Interestingly, his admission comes after an eagle-eyed viewer noticed Hamilton appearing to use a similar DAS-style system at the start of his pole lap for the 2018 Hungarian Grand Prix.

In the video, it does appear as though the Mercedes driver pulls the steering wheel towards him entering the main straight though there was no movement of the front tyres and he didn't seem to push it back while braking for Turn 1.

Even so, when the current DAS was seen, there was immediate questions about legality and Red Bull has every intention of protesting against the system if it was used in Australia.

“We’ve seen with the DAS system already that there’s a lot of immediate reaction that it must not be within the rules,” Owen commented.

“But the more people look at it, the more they sort of say, ‘Well, darn, maybe it is in the rules, and why haven’t we seen it before?’.

“Now there’s a desperate panic to try and find the reason why it shouldn’t be within the rules.

“That’s Formula 1 in general.”

However, the FIA has always maintained DAS is allowed, though will be banned from 2021, and Mercedes admit they too had to tried to find any reason why it might not be permitted in the current regulations.

“The DAS system was really, well, what about if you could do something like this? What do the rules say?
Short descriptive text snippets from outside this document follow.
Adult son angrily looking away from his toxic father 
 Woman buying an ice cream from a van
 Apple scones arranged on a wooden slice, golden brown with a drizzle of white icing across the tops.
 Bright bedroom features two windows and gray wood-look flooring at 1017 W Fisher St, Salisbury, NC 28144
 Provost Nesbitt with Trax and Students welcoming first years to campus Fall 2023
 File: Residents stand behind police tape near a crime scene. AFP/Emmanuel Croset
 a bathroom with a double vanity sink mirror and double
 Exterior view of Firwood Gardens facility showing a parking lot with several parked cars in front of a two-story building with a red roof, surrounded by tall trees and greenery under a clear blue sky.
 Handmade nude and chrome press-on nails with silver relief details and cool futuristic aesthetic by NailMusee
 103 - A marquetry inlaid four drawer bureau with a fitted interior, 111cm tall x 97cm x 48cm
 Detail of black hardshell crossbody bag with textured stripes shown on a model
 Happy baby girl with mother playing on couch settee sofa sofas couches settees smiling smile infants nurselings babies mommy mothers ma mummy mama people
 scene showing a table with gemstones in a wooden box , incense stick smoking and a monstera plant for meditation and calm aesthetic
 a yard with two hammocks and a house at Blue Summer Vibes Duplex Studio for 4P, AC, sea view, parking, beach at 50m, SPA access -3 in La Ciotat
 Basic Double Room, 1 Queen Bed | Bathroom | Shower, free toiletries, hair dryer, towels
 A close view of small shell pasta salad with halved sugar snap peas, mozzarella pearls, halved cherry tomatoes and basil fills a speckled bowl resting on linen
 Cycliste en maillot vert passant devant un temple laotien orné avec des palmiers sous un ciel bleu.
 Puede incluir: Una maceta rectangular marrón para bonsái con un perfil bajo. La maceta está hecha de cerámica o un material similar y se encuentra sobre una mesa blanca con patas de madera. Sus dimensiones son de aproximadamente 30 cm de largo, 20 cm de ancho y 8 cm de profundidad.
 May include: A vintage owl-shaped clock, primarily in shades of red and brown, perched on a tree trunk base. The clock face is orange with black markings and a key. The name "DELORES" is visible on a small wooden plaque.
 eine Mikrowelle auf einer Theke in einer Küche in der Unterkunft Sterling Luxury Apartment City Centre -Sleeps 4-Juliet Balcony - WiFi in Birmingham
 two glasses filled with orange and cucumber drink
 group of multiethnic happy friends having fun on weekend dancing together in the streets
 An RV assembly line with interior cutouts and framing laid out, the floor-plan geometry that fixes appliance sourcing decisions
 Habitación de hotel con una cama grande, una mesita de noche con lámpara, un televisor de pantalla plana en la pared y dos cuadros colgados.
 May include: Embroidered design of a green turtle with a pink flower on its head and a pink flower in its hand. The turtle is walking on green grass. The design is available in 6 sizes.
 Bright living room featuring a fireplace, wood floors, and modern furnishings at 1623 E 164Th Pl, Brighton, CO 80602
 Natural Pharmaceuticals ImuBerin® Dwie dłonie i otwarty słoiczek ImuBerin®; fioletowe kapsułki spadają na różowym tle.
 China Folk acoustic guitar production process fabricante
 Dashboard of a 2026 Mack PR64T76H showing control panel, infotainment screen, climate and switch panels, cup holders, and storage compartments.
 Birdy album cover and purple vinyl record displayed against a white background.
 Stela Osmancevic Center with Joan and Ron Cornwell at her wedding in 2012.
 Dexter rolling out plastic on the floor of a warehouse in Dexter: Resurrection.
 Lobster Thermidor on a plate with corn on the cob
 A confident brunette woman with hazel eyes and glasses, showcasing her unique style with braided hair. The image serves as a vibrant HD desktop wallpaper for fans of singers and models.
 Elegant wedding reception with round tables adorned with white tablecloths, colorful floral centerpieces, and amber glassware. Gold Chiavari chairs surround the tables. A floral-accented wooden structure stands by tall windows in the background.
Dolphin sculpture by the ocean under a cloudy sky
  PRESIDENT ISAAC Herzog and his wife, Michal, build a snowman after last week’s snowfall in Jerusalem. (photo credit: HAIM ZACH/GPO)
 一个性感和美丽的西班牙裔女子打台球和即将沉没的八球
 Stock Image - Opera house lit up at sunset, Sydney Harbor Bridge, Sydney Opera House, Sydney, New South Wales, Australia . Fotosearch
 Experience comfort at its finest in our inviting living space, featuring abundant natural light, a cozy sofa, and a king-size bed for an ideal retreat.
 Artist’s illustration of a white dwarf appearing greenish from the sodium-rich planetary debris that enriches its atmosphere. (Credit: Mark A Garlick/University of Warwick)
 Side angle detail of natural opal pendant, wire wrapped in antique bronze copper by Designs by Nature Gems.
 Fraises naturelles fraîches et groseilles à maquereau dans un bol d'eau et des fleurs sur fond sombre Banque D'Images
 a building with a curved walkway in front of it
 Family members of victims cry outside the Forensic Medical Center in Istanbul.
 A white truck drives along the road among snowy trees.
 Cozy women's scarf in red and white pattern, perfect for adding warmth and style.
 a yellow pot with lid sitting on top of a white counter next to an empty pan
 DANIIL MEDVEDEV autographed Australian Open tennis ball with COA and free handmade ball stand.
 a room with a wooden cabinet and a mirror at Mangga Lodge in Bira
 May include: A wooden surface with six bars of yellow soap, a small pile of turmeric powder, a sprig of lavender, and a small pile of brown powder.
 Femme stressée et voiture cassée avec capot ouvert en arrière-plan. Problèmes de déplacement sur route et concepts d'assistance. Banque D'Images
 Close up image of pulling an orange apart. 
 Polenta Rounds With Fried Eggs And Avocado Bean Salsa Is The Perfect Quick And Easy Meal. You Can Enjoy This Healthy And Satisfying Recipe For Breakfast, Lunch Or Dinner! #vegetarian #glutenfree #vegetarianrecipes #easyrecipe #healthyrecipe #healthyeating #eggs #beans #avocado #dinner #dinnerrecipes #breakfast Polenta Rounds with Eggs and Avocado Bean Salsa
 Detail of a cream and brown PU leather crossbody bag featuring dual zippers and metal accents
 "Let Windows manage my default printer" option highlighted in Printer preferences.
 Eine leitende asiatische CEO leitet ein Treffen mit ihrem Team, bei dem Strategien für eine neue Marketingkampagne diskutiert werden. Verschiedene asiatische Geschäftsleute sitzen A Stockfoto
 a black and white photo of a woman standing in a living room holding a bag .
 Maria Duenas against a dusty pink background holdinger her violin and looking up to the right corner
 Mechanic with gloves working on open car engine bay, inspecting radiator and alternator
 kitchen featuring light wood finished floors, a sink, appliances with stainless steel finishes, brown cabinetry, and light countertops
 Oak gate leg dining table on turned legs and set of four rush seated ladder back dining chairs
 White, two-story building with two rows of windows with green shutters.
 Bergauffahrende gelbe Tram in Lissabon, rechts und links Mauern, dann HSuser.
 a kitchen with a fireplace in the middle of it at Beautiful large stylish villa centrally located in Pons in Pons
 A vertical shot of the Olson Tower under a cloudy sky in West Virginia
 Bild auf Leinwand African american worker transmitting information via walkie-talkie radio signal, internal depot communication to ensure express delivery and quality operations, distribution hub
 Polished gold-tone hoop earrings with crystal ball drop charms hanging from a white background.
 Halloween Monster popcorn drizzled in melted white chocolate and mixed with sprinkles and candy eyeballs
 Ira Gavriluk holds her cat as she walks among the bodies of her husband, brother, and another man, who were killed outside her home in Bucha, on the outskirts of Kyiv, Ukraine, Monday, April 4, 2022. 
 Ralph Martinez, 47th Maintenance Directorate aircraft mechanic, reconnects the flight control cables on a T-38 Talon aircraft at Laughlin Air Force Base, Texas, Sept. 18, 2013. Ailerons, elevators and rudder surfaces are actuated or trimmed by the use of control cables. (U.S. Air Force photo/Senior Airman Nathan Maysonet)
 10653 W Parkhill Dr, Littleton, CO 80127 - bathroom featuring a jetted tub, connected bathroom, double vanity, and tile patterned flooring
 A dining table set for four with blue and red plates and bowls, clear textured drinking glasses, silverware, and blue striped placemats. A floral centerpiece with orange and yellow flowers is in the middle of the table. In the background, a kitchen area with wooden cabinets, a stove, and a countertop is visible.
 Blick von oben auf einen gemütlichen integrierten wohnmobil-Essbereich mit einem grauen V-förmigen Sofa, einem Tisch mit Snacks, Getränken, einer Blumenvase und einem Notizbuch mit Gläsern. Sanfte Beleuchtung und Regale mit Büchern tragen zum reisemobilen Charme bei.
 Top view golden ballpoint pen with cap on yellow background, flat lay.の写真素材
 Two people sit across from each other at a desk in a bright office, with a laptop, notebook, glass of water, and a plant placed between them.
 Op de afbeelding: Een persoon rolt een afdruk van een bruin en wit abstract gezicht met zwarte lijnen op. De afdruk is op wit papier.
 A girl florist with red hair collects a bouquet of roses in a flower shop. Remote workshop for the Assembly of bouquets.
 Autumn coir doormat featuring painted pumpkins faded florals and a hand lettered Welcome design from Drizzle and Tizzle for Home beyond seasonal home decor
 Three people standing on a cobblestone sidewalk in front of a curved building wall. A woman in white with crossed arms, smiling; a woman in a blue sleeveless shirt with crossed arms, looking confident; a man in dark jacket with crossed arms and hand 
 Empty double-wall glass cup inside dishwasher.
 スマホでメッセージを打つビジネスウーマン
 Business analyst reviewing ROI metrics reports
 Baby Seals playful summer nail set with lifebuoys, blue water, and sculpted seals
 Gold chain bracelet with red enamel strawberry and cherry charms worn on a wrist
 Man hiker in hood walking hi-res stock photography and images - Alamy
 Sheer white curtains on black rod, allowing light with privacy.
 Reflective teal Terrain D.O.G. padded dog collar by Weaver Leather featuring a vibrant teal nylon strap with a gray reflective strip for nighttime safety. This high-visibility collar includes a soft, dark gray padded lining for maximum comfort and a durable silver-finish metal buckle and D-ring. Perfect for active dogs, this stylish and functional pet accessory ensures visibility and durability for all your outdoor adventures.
And the rules effectively didn’t stop it,” said Owen. “That’s unusual and surprising.

“Then you get into it more and more and more, and say, ‘Well, how would I stop it?’ – you take the opposite approach, and you say, ‘I’m now going to stop someone from having this, what would I do, what are my arguments?’.

“Then you build a system where you thought about what someone else’s arguments would be, and you’ve made it so that it doesn’t effectively trip up on those.”